DATA RECORDS:
Content starts

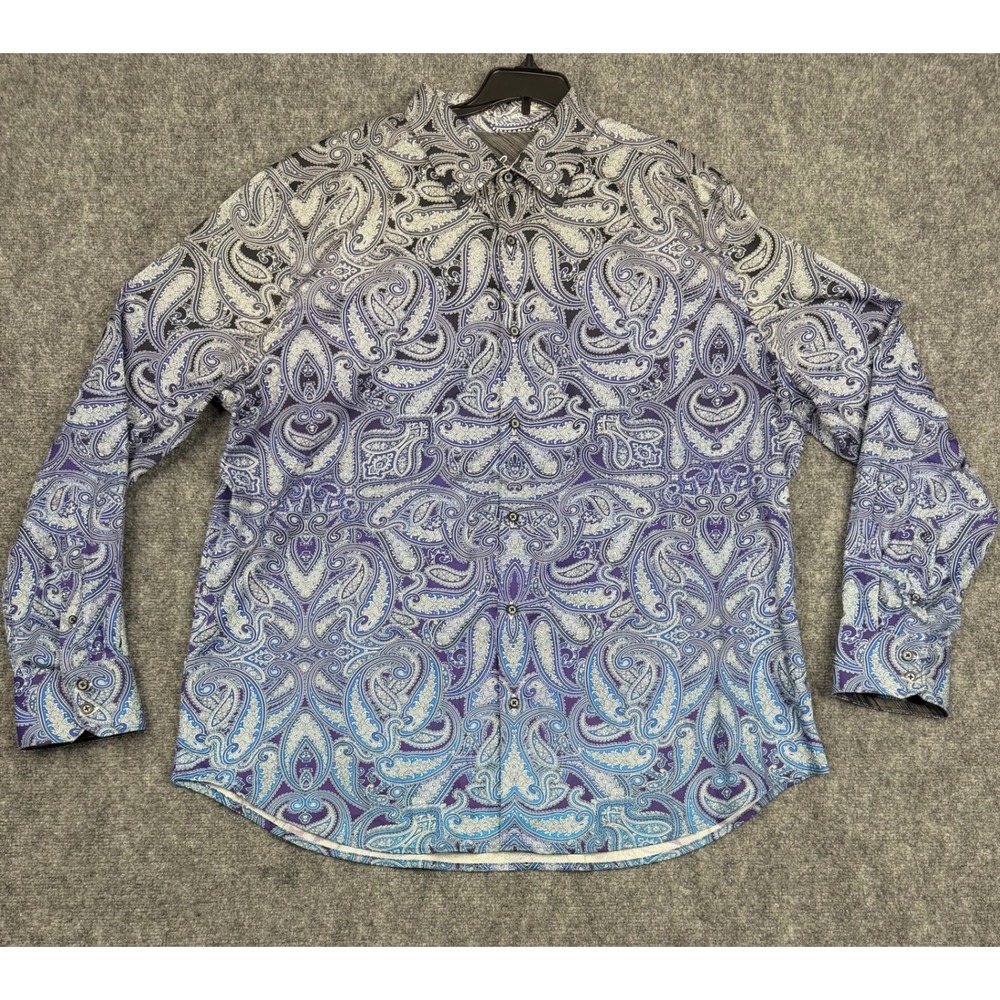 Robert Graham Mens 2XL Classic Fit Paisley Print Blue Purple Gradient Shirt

Content ends
Content starts

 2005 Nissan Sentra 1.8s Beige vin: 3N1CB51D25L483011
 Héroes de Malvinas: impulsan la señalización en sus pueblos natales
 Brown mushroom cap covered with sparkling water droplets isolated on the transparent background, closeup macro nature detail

Content ends
Content starts

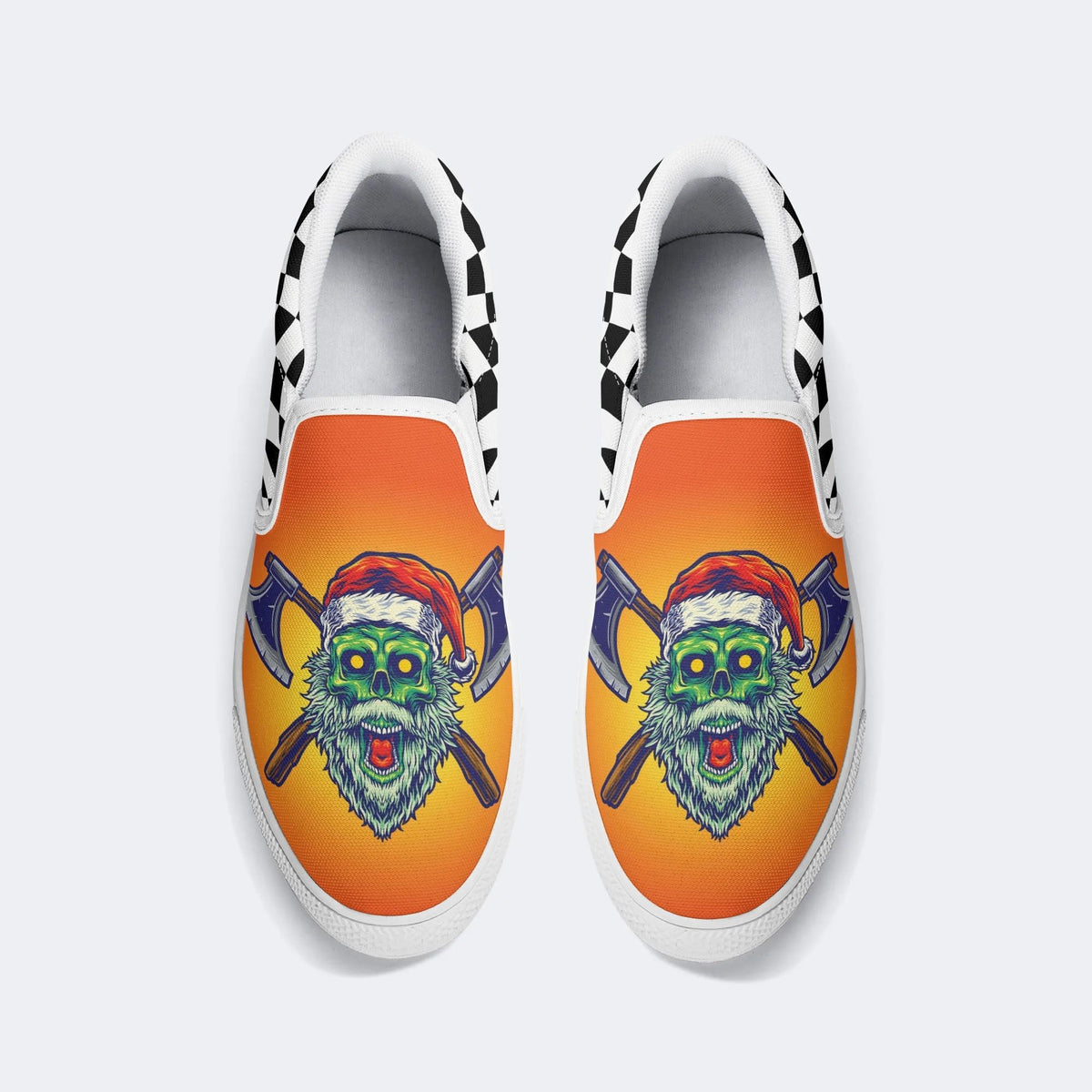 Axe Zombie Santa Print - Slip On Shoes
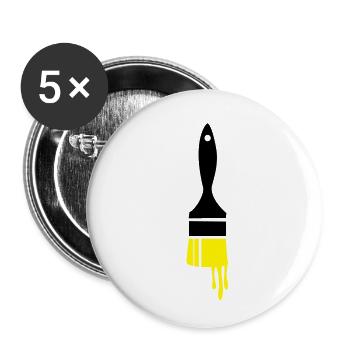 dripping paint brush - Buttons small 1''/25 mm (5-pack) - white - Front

Content ends

WORK INSTRUCTION: Going by the data above, the answer is exactly the lines from the one holding "Axe Zombie Santa Print - Slip On Shoes" to the one holding "dripping paint brush", both kept, with the pictures left out.

RESULT:
 Axe Zombie Santa Print - Slip On Shoes
 dripping paint brush - Buttons small 1''/25 mm (5-pack) - white - Front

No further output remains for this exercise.